Segment Start: DATA BELOW

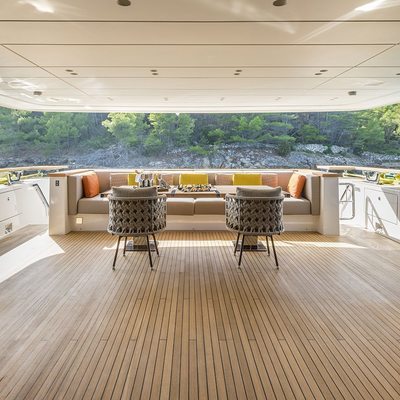 Eros Yacht 11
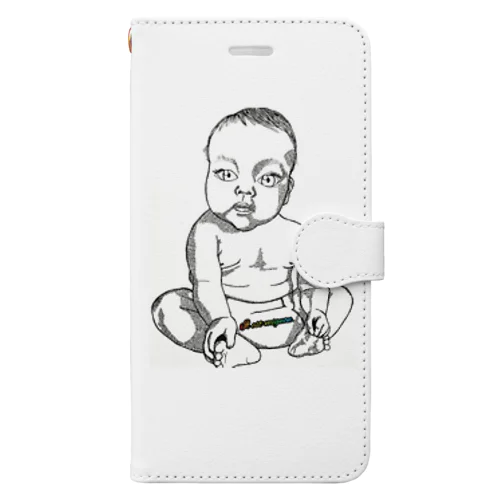 BABY BOSS❗️ Book-Style Smartphone Case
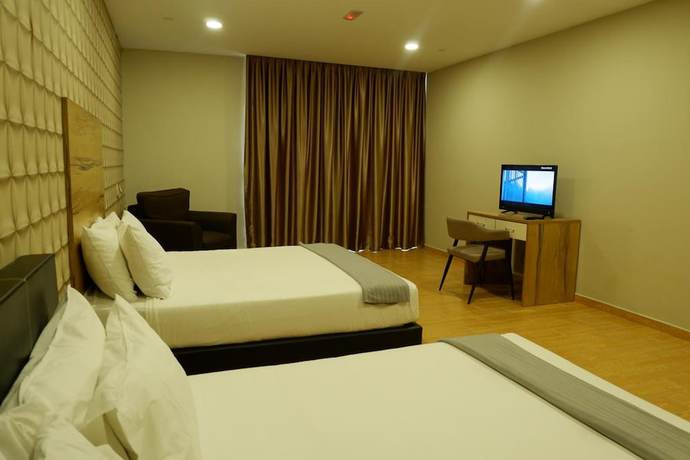 Imagen de la habitación del Hotel Bangi Perdana. Foto 2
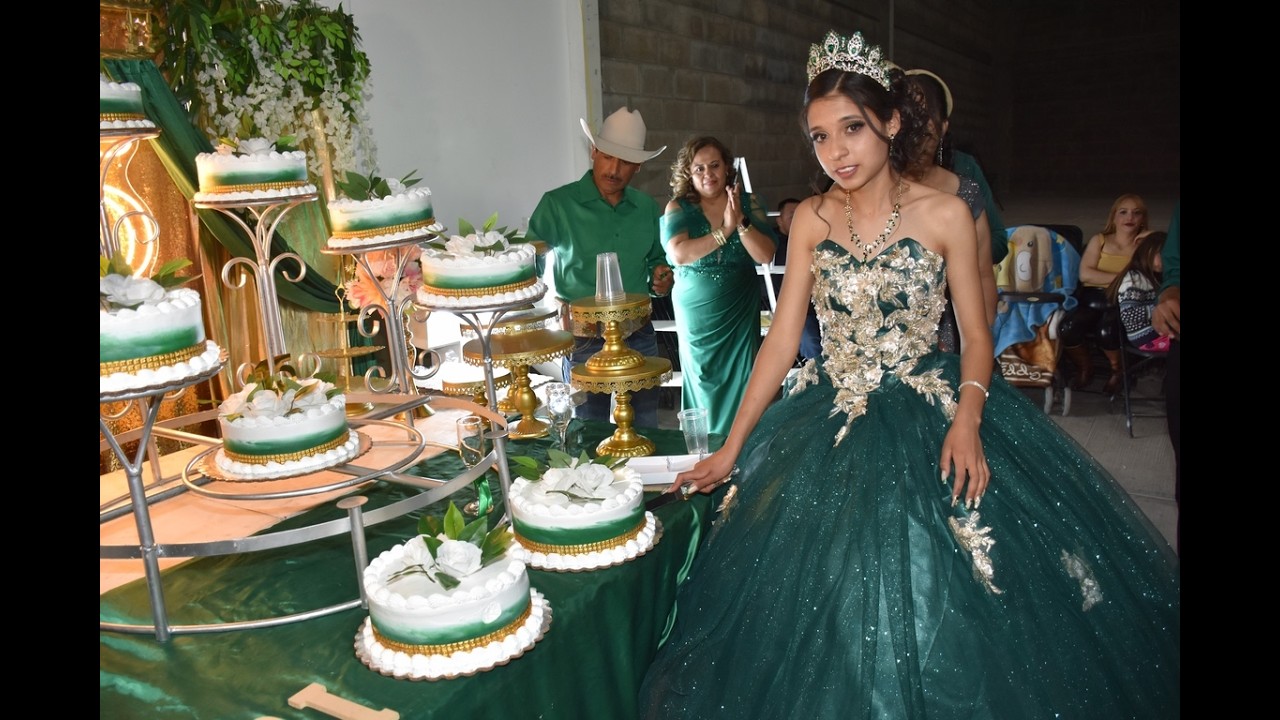 2da pte., Baile 15 Años Alexandra Rubi Herrera Fernández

Segment End: DATA BELOW

▶ PROBLEM DETAILS
All lines of the material above should be returned unchanged, but no pictures should be included.

▶ SOLUTION BELOW
 Eros Yacht 11
 BABY BOSS❗️ Book-Style Smartphone Case
 Imagen de la habitación del Hotel Bangi Perdana. Foto 2
 2da pte., Baile 15 Años Alexandra Rubi Herrera Fernández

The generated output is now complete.